Econ 57 Fall 2000 Midterm (75 minutes)

Answer all 10 questions; you have exactly 75 minutes.
ALWAYS explain your reasoning

1. Researchers counted the number of pages of bankruptcy-lawyer ads in the Yellow Pages of 7 cities that had a large per capita rate of personal bankruptcy filings and in 5 cities that had low rates. There were an average of 9.6 pages in the high-bankruptcy cities and only 3.8 pages in the low-bankruptcy cities, suggesting that bankruptcy-lawyer ads are responsible for the variations in the number of personal bankruptcy filings. Why should we interpret these results cautiously?

2. In 2000, Sandbox.com offered a $10 million prize to anyone who could correctly pick the winners of all 63 NCAA Tournament basketball games. If, in each game, one team has a 2/3 chance of winning and the other team has a 1/3 chance, and you always pick the team with the better chance, what is your probability of winning the $10 million prize?

3. William is running out of time on a multiple-choice exam. There are 20 questions left, each with 5 possible answers. He quickly marks down 20 answers, without even reading the questions. What is the probability that he will get more than half of these questions correct?

4. (continuation) Is William more likely to get (a) more than 5 questions right if he guesses the answers to 10 questions, or (b) more than 10 questions right if he guesses the answers to 20 questions? You must use logic, not calculations, to answer this question.

5. One out of 1000 people have a certain disease. If a person has this disease, a test will give a positive result 90% of the time; if a person does not have the disease, the test will give a negative result 90% of the time. If a person tests positive in two independent tests, what is the probability that this person has the disease?

6. Defendants awaiting trial are often allowed to leave jail if they leave a cash amount (a "bond") that is forfeited if they do not return for their trial. Bail bondsmen put up the requisite cash in return for a payment from the defendant. For example, a bail bondsman might put up a $10,000 bond after the defendant pays the bondsman $1,000, which the bondsman keeps whether or not the defendant returns for trial. In this example, for what values of P, the probability that the defendant will disappear (causing the bondsman to lose the $10,000 bond), is the expected value of the bondsman's profit greater than 0?

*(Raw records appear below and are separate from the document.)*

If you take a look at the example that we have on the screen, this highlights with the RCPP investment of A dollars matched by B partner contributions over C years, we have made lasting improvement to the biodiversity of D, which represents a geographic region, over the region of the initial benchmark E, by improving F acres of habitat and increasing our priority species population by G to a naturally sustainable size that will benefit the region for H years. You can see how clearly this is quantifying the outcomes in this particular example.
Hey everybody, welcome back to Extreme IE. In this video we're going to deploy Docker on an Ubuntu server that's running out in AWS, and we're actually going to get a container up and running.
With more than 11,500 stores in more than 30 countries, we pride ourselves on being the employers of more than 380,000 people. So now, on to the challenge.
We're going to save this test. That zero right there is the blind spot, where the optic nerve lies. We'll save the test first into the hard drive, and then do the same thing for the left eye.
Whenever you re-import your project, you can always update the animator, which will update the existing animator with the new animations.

7. In his 1868 work, Carl Wunderlich concluded that temperatures above 100.4 degrees Fahrenheit should be considered feverish. In a 1992 study, Maryland researchers suggested that 99.9 degrees Fahrenheit was a more appropriate cutoff. If the oral temperatures of healthy humans are normally distributed with a mean of 98.23 and a standard deviation of 0.67, what fraction of these readings are above 100.4? Above 99.9?

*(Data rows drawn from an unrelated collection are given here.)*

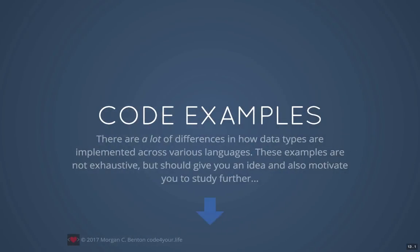Now let's dive into some code examples. There are a lot of differences in how data types are implemented across various languages. These examples are not exhaustive but should give you an idea of the differences and motivate you to learn more deeply about data types in the languages you choose.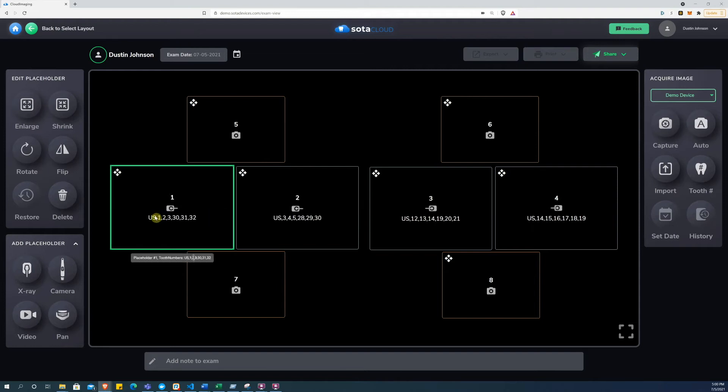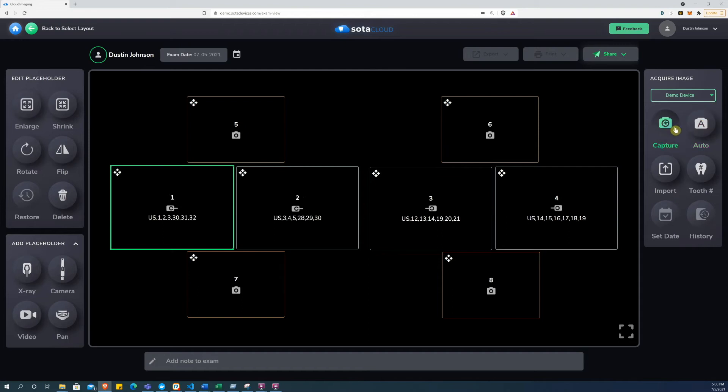Finally, I will hit the Auto button to start the exam, or the Capture button to take just one image. In this case, I will click Auto to take a full exam.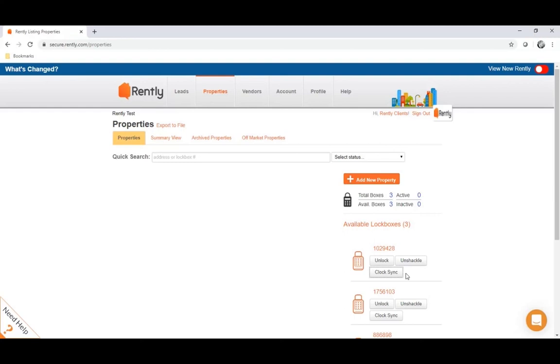Now you shouldn't have to use this button very frequently. We just give it to you as your first step in troubleshooting if that error light is ever illuminating when you're entering in codes.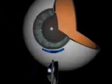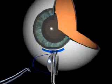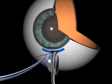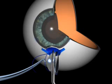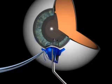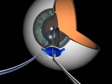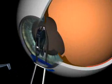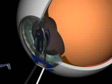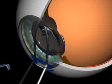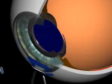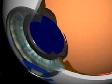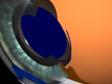IOL implantation. The folded IOL is inserted through the incision. The haptics of the IOL are positioned in the capsule bag and the lens is slowly unfolded. The optic of the IOL is also pushed into the bag.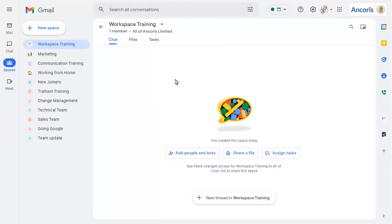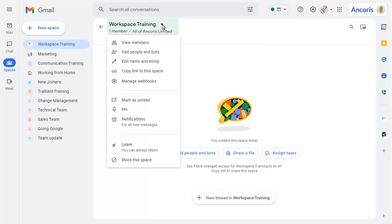Each space that you create for your entire organisation will have a unique URL that you can share with colleagues to access the space. To find the link, click on the drop-down arrow next to the space name and choose Copy link to this space.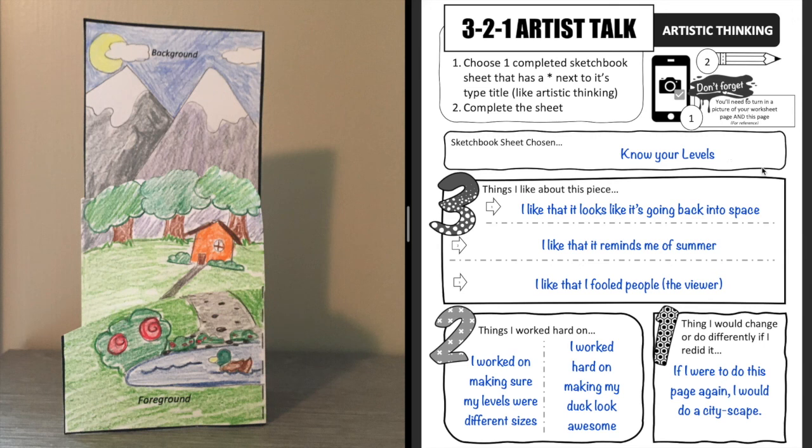Okay, if you have any questions don't hesitate to ask, but other than that, that is how you complete your 3-2-1 Artist Talk.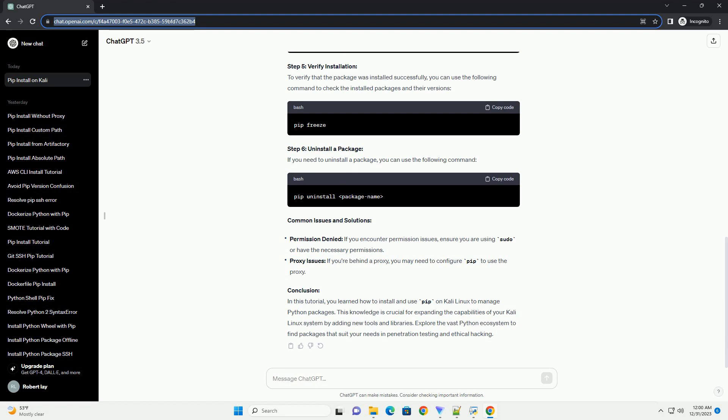Step 5: Verify Installation. To verify that the package was installed successfully, you can use the following command to check the installed packages and their versions.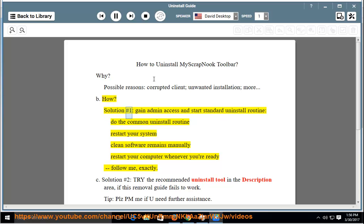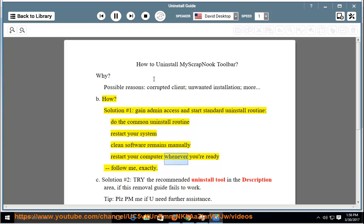How? Solution number 1: Gain admin access and start the standard uninstall routine. Do the common uninstall routine, restart your system, and clean software remains manually. Restart your computer whenever you're ready. Follow me exactly.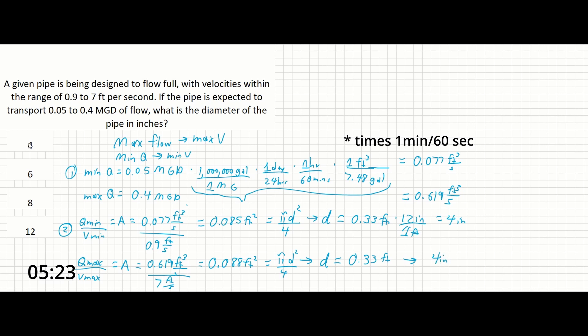That's all it takes to solve this problem. The most important part is identifying that the min flow and min velocity go together, and the max flow and max velocity go together, since the pipe diameter is constant. Other than that, you just need to know how to use Q equals VA, which is pretty basic, and know how to use your unit conversions.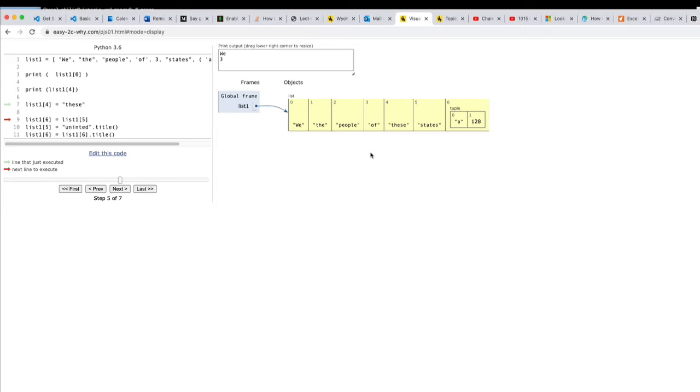Now we could reorganize the order in which things are in the list. For instance we could move states from where it is at position five over to position six. Now here's a really funny thing.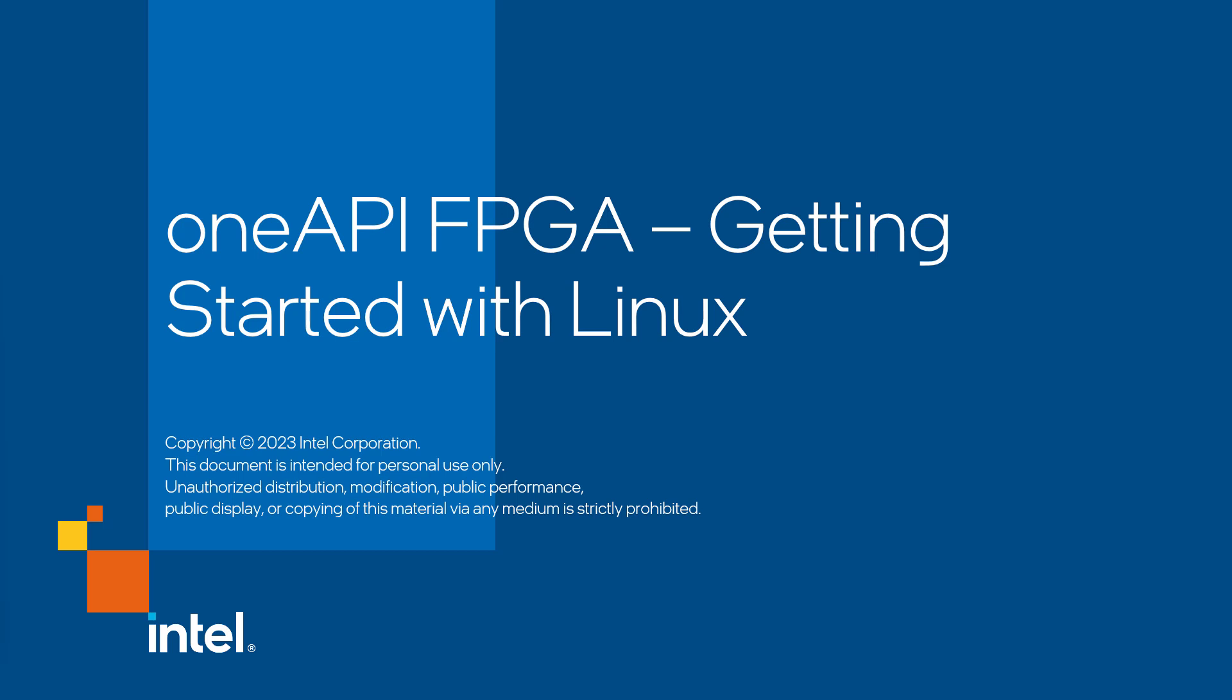Hello, welcome to Intel OneAPI for FPGA. In this video, we are looking at how to get started with Intel Quotus Prime software and Intel OneAPI-based toolkit in Linux operating system.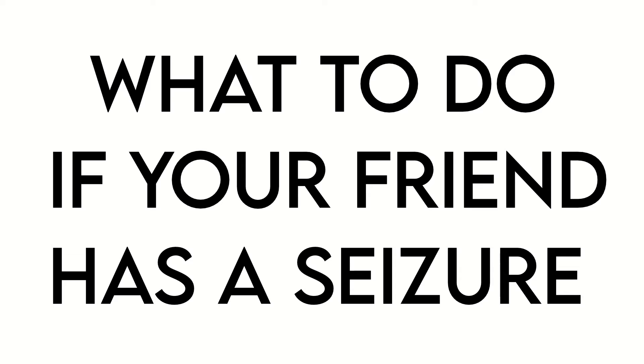November is Epilepsy Awareness Month, so today we're going to talk about what to do if your friend has a seizure.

8. In one carnival game, three balls are tossed into a tic-tac-toe arrangement of nine slots. The slots are surrounded by a fence, so that each ball lands in a slot; only one ball fits in each slot. If the balls land randomly, what are the chances of a tic-tac-toe (three balls in a row horizontally, vertically, or diagonally?

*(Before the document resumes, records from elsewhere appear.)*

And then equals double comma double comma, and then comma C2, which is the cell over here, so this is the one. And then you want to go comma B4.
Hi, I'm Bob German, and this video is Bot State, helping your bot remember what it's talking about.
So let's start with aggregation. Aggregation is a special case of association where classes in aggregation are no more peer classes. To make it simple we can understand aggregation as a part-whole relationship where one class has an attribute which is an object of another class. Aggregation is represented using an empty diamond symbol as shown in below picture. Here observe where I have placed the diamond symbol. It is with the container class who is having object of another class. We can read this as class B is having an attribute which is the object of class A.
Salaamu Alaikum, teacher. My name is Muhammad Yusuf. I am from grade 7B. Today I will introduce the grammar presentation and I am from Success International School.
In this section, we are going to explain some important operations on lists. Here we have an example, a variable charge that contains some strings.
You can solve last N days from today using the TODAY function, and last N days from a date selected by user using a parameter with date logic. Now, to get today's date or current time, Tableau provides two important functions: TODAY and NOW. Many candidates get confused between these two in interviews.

9. On March 4, 1996, a major California newspaper, The Sun, asked its readers the following question: "Do you think the English-only law should be enforced in California?" Of the 2,674 persons who mailed in responses, 94 percent said yes. Why might this newspaper's readers be a very biased sample of the opinions of California residents?

10. A researcher recorded annual precipitation in Rhode Island for 100 years, 1898-1987. What is wrong with this histogram? (Density is the rainfall for each year divided by the total rainfall for all 100 years.)